Когда поток церемоний постепенно сошел на нет, Корделия наконец приступила к обустройству домашнего быта в своем новом доме. Хотя обустраивать было практически нечего. Как правило, Форкосиган уезжал на рассвете, прихватив с собой Куделку, и возвращался уже после наступления темноты, чтобы наскоро перекусить и запереться в библиотеке, где он принимал посетителей или работал до самого отхода ко сну. Корделия убеждала себя, что поначалу такая загруженность неизбежна. Постепенно он освоится, наберется опыта, и работа станет занимать у него гораздо меньше времени. Она помнила, как впервые приняла командование кораблем в Бетанской астроэкспедиции — это было не так уж давно — и то, как в течение нескольких месяцев постоянно была на взводе, боясь допустить какой-нибудь промах. Со временем действия, поначалу дававшиеся с таким трудом, стали автоматическими, а затем и вовсе почти неосознанными, и у нее снова появилась личная жизнь. И с Эйрелом будет так же. Она терпеливо ждала, и улыбалась, когда ей выпадала возможность увидеть его.
Кроме того, у нее была работа. Вынашивание ребенка. И делу этому придавалось немалое значение, судя по тому, каким вниманием окружали ее все — начиная с графа Петра и кончая поварихой, таскавшей ей всевозможные питательные закуски в любое время дня и ночи. Так с ней не носились даже на родине, когда она вернулась из годичной исследовательской экспедиции, прошедшей без сучка без задоринки. Да, к воспроизводству населения на Барраяре явно относились с гораздо большим энтузиазмом, чем на Колонии Бета.

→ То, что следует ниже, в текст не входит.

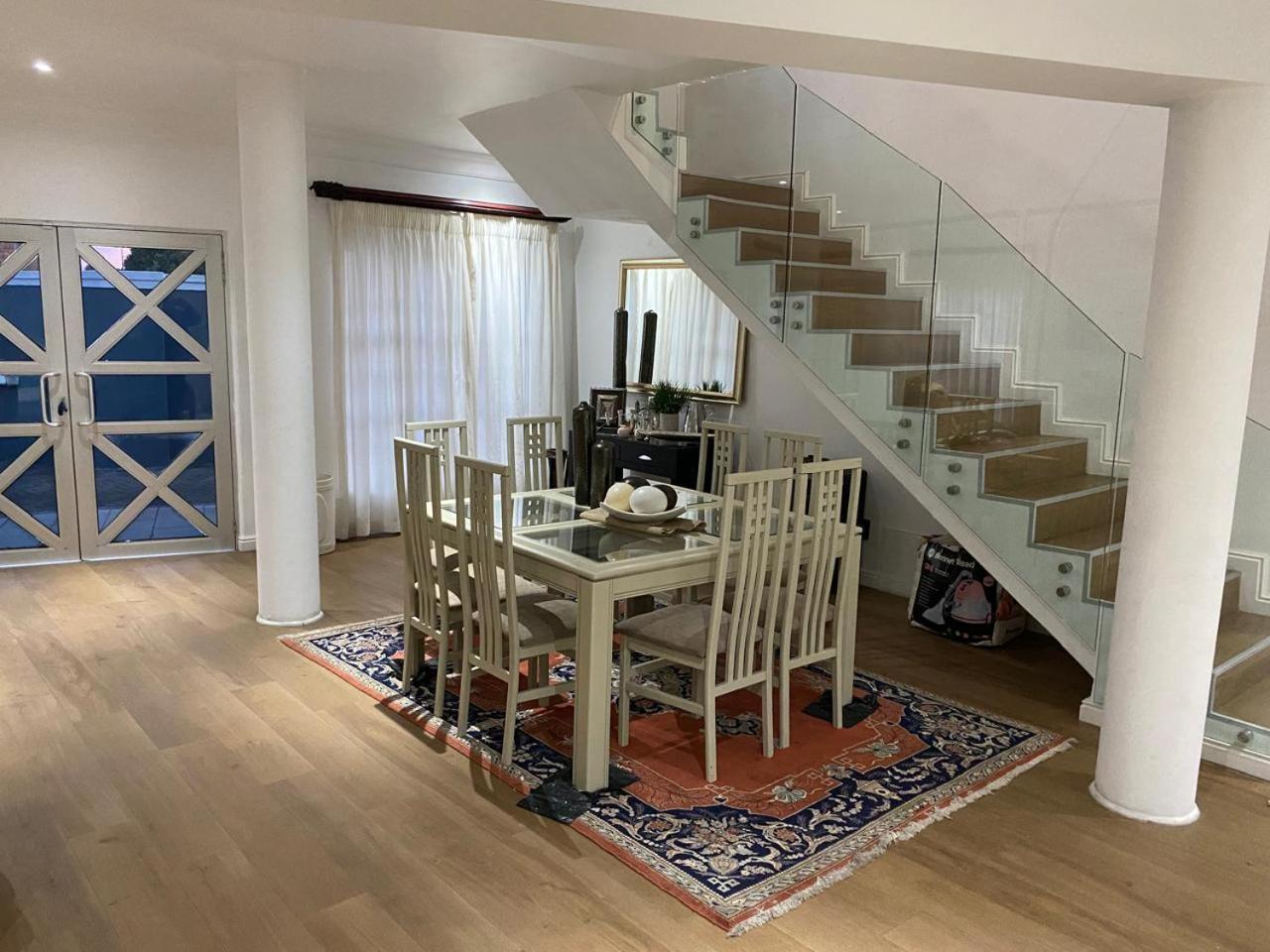 Villa Kbj House Cape Town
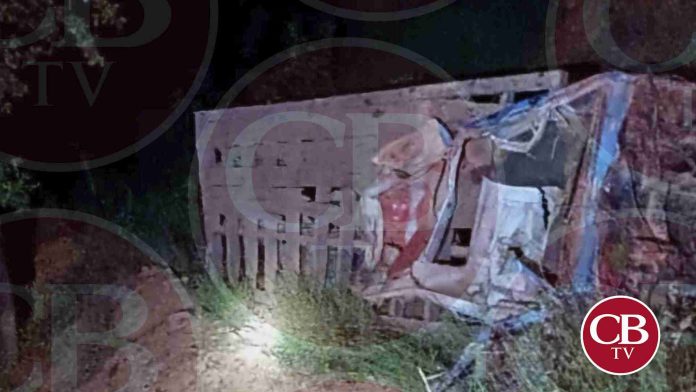 Se mata trailero al caer a barranco de Tumbiscatío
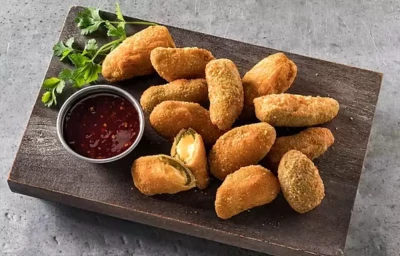 Chilli Poppers with Dip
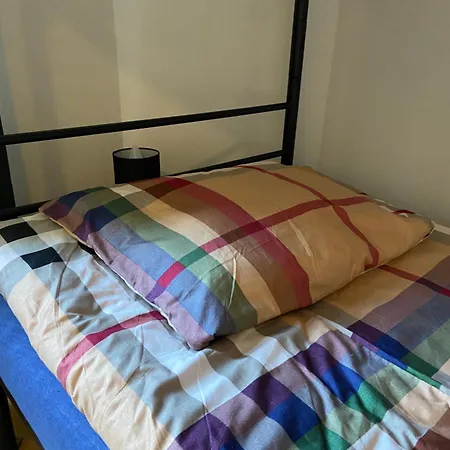 Uno Hostel *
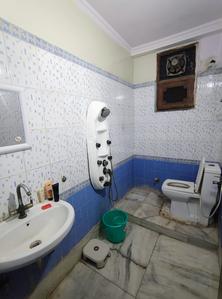 Bathroom Image of Urban Nest PG  in Kaushambi, Ghaziabad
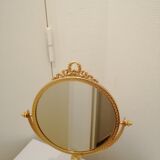 Old psyche mirror to pose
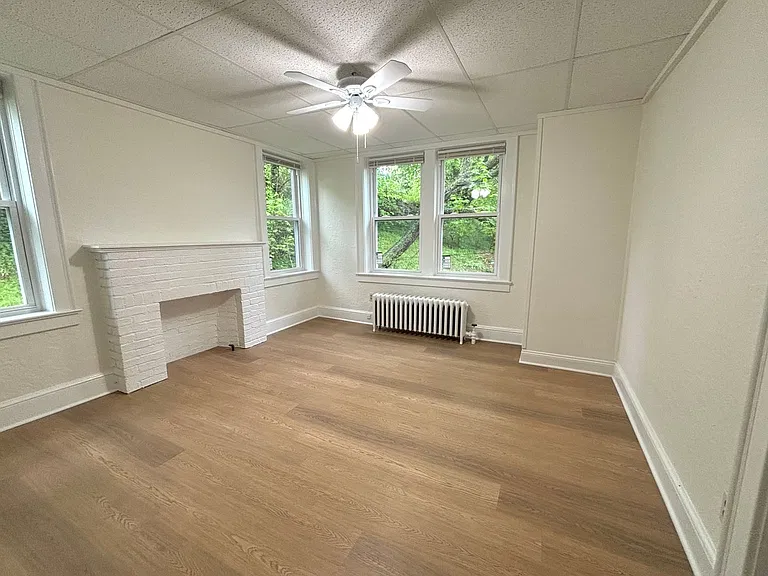 43 West St — Photo 11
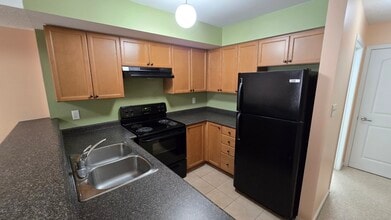 17 Cheltenham Rd in Barrie, ON - Building Photo - Building Photo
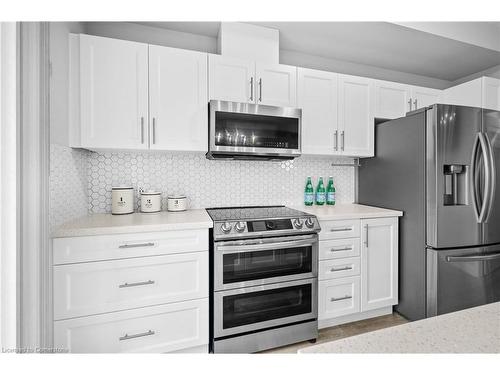 271 Dalgleish Trail, Hamilton, ON - Indoor Photo Showing Kitchen With Stainless Steel Kitchen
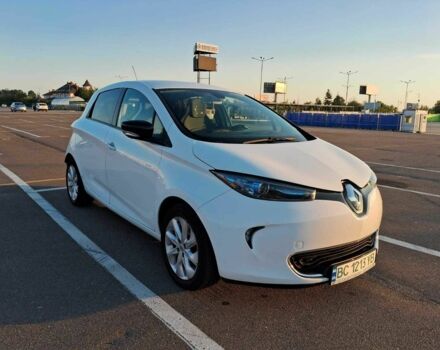 Белый Рено Зое, объемом двигателя 0 л и пробегом 93 тыс. км за 7500 $, фото 1 на Automoto.ua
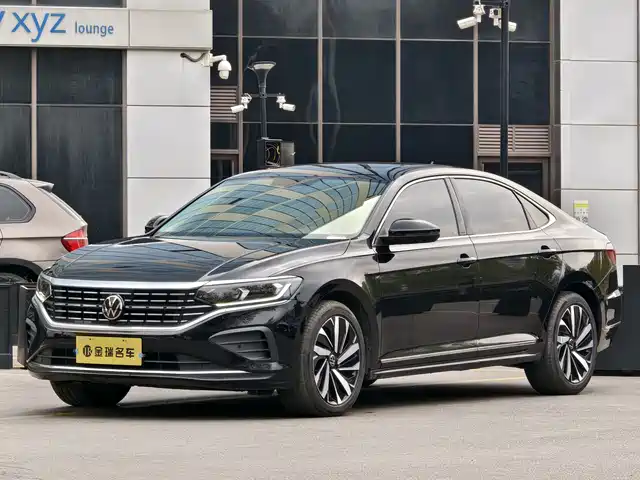 Volkswagen Passat 2024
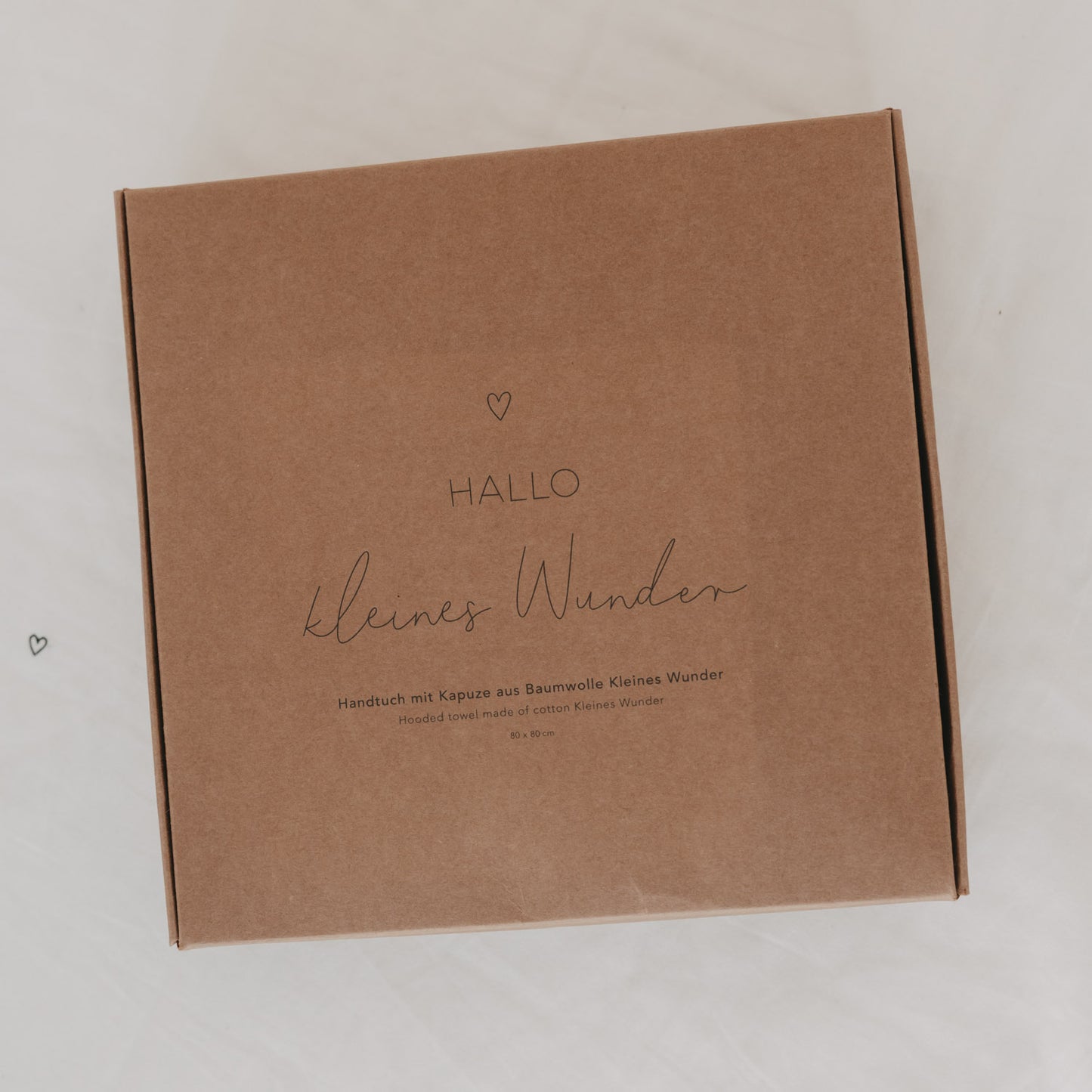 Geschenkbox Kapuzenhandtuch Hallo kleines Wunder aus Baumwolle in schlichter Kraftpapierverpackung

Как- то раз днем, после обеда, Корделия лежала на диванчике, вынесенном в тенистый внутренний дворик, усердно помогая ребеночку внутри себя расти и размышляя о несходстве детородных обычаев на Барраяре и Колонии Бета. Здесь был до сих пор неизвестен способ выращивания плода в маточном репликаторе — искусственном чреве. На Колонии Бета репликаторы предпочитали три четверти всех семей, однако значительная часть родителей по-прежнему придерживалась старомодного естественного метода, будучи убеждена в его психосоциальных преимуществах. Сама Корделия никогда не замечала особой разницы между младенцами из пробирки и из материнского чрева, и уж наверняка все различия исчезали к двадцати двум годам, когда они достигали совершеннолетия. Ее брата вынашивала мать, но сама Корделия родилась из репликатора. А вот семейная партнерша ее брата оба раза сочла нужным сама выносить ребенка и немало этим похвалялась.
Корделия всегда предполагала, что, когда придет ее черед, она просто оставит эмбрион созревать в репликаторном банке, а сама отправится в очередную экспедицию, чтобы по возвращении взять на руки уже готового младенчика. Если, конечно, она вернется — когда исследуешь неизвестность вслепую, всегда есть риск войти в списки пропавших без вести. Но прежде всего, конечно, требовалось заловить партнера, заинтересованного в рождении ребенка, а также готового пройти физические, психологические и экономические тесты и сдать экзамены на получение родительской лицензии.
Эйрел будет великолепным семейным партнером, в этом она была уверена. Если только он сумеет благополучно приземлиться, одолеть поток свалившихся на него дел. Главное — выдержать первый, самый тяжелый период, и не сорваться. Падать с такой высоты чертовски опасно. Эйрел был ее безопасной гаванью, и если он упадет… Она решительно заставила себя не думать об этом и направила свои мысли в более позитивное русло.